Re: BUG #18362: unaccent rules and Old Greek text

From: Michael Paquier <michael(at)paquier(dot)xyz>
To: Thomas Munro <thomas(dot)munro(at)gmail(dot)com>
Cc: cees(dot)van(dot)zeeland(at)freedom(dot)nl, pgsql-bugs(at)lists(dot)postgresql(dot)org
Subject: Re: BUG #18362: unaccent rules and Old Greek text
Date: 2024-02-25 23:19:53
Message-ID: ZdvLGeJ1BsXRkrdQ@paquier.xyz
Views: Raw Message | Whole Thread | Download mbox | Resend email
Thread:
Lists: pgsql-bugs

On Sun, Feb 25, 2024 at 04:21:36PM +1300, Thomas Munro wrote:
> On Sun, Feb 25, 2024 at 11:14 AM PG Bug reporting form
> <noreply(at)postgresql(dot)org> wrote:
>> So, there are reasons to keep the current unaccent.rules as it is, but...
>> there are other reasons to add a few lines to it, f.e. after line 955 and
>> insert five greek vowels with Oxia
>> Please add:
>> ά α
>> έ ε
>> ή η
>> ί ι
>> ό ο
>> ύ υ
>> ώ ω

Correct me if I'm wrong of course, but reading a bit on the matter at
[1], letters with Tonos or Oxia are actually equivalent since 1986,
and we only include character with Tonos in our unaccent.rules.

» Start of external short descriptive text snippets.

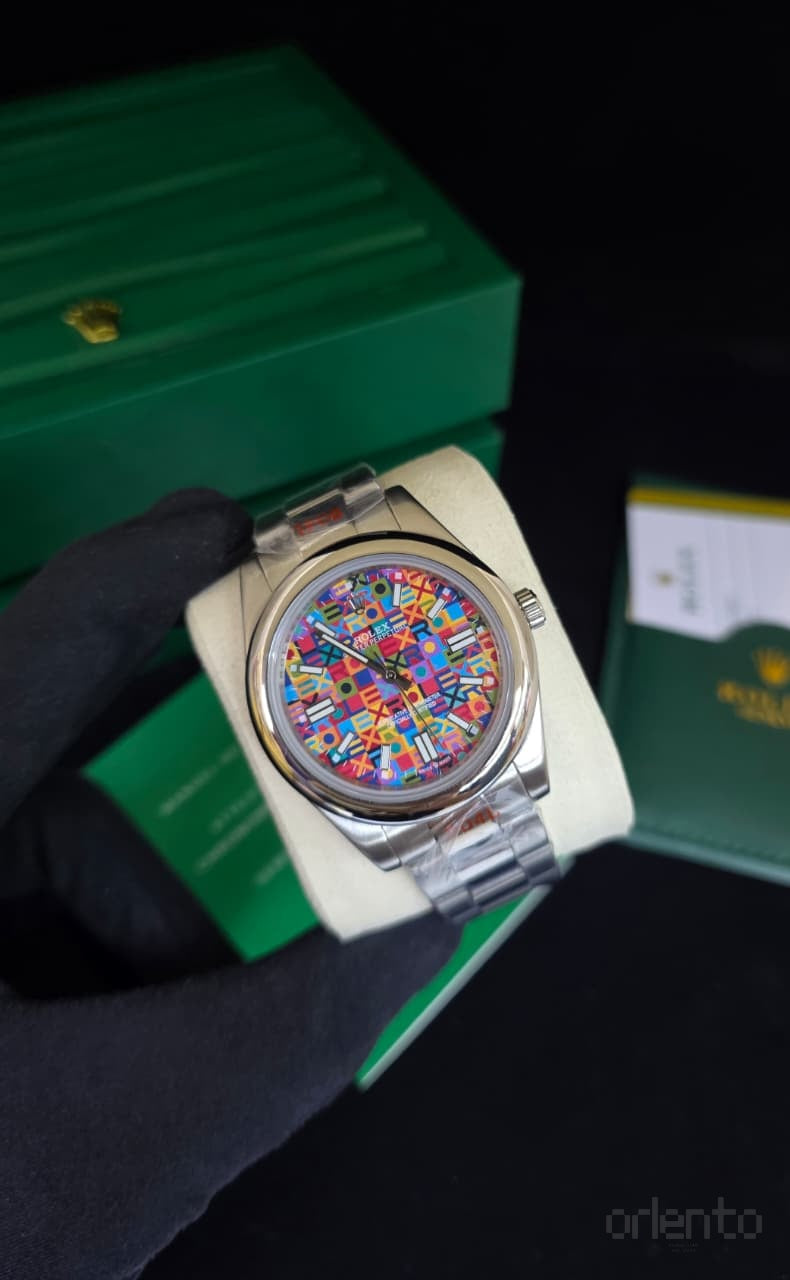 Rolex Watch Oyster Perpetual Multicoloured Jubilee Dial Bag – product view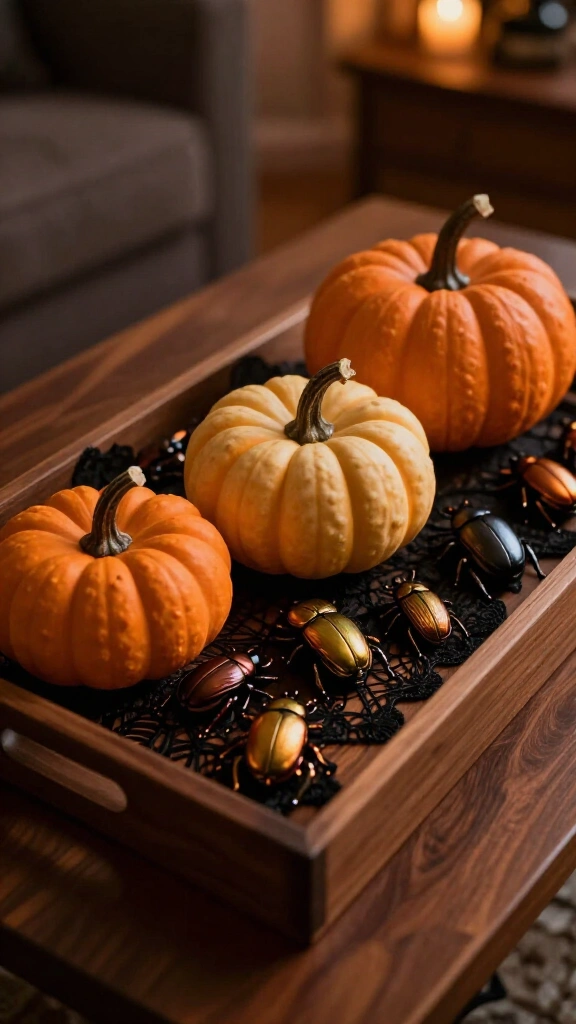 Creepy crawler coffee table tray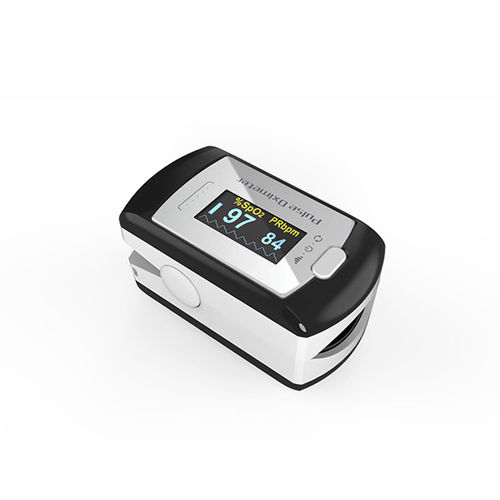 Pulsioxímetro de dedo - CMS50ED  - Contec Medical Systems - médico / alimentado por batería / negro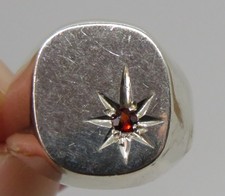 Sterling silver & amber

> We don't exactly maintain this list manually, we extract it from
> Unicode source data. Can you see what needs to be adjusted in here to
> achieve that goal?

See commits like e3dd7c06e627 or 59f47fb98dab for some references.
Unfortunately, we've been using as policy to not backpatch any changes
to the in-core rules file, and you can plug in your own file. Saying
that, these additions sound like a natural addition seen from here.

> Perhaps a new range or something like that?

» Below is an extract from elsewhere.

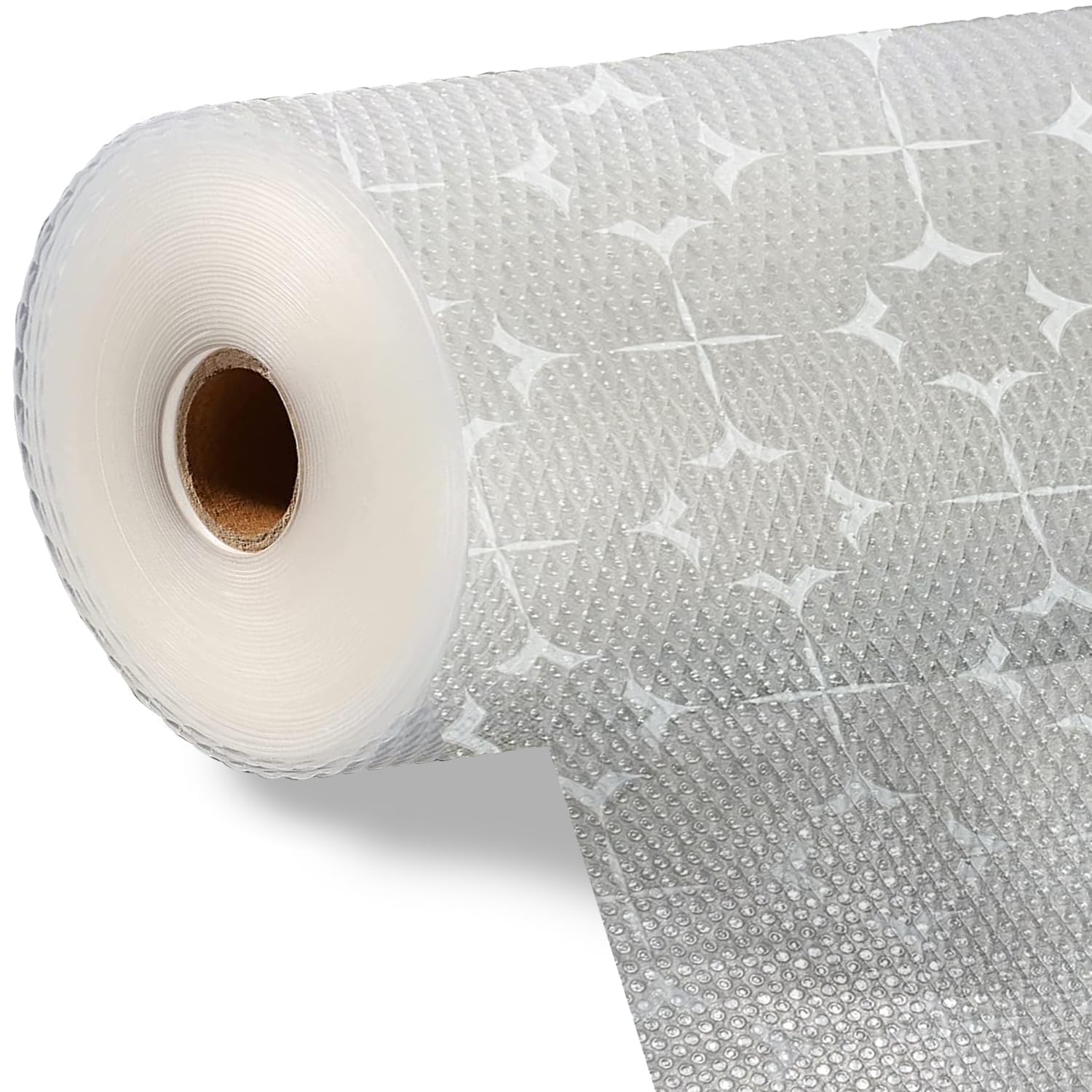 CANWAY® (45cm x 3M) Food Grade Non-Slip Drawer & Shelf Mat | Waterproof, Washable Shelf Liner for Kitchen Cabinets, Cupboards, Fridge & Bathroom Shelves | White-Star Kafalo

It seems to me that it is a bit more complicated than that, because
Unicode.data decomposes the characters with Oxia as characters with
Tonos, and then characters with Tonos are decomposed with the "base"
alphabet characters + Tonos. We do a recursive lookup at the unicode
table in get_plain_letter() and is_letter_with_marks(), so it seems to
me that we're not missing much, and I suspect that there should be no
need for a new custom range of characters..

Cees, perhaps you would like to get a shot at that?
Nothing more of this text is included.